───── Data segment

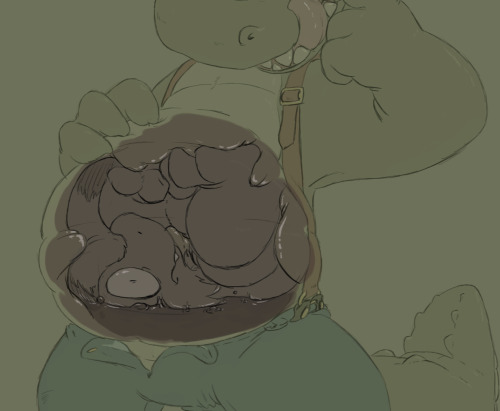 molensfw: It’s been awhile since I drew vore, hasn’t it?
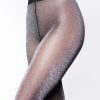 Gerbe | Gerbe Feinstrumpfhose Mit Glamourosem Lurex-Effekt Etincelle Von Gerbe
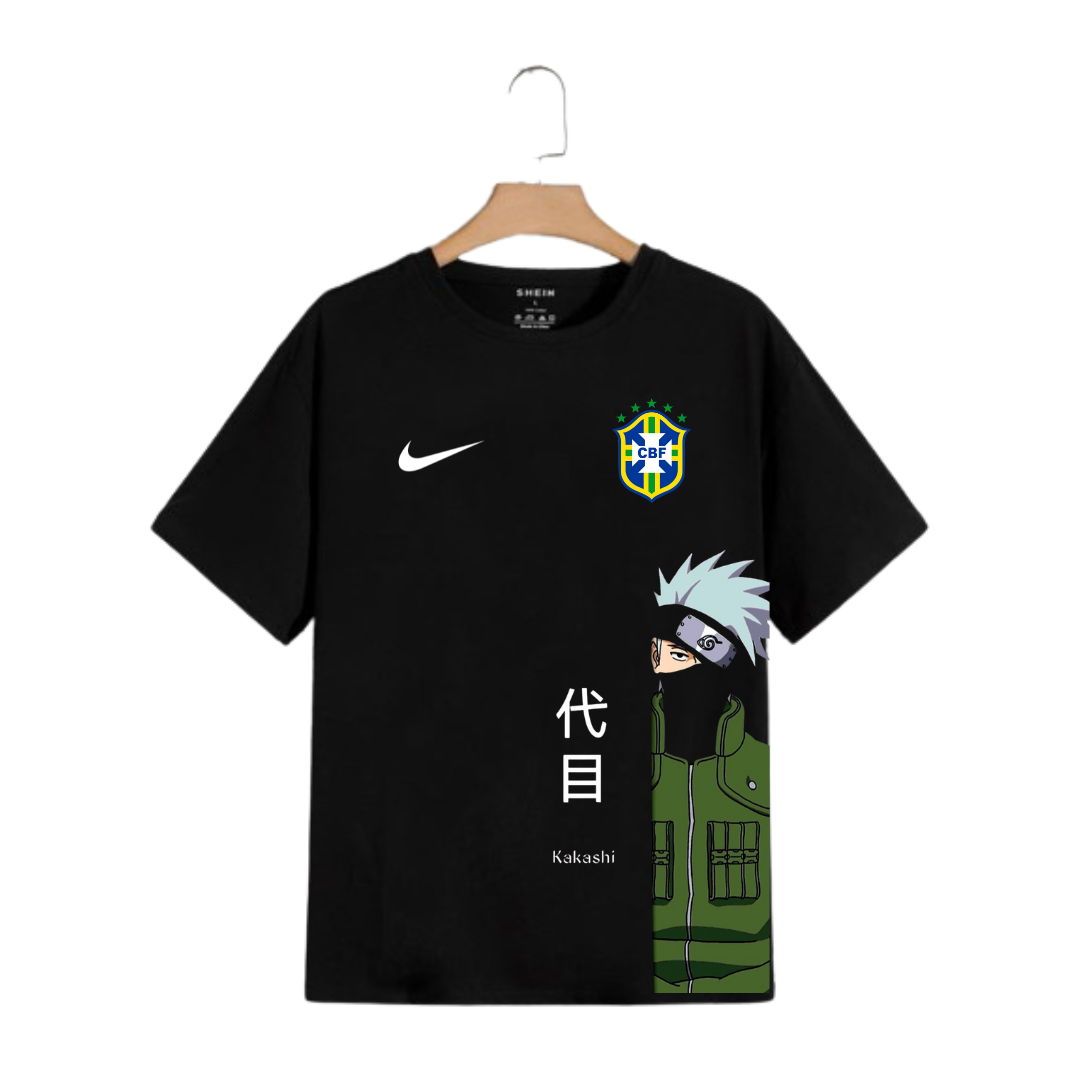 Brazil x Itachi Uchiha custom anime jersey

──────────

■ **What the task requires**
Every line above should be returned exactly; the pictures stay out.

■ **Written solution**
 molensfw: It’s been awhile since I drew vore, hasn’t it?
 Gerbe | Gerbe Feinstrumpfhose Mit Glamourosem Lurex-Effekt Etincelle Von Gerbe
 Brazil x Itachi Uchiha custom anime jersey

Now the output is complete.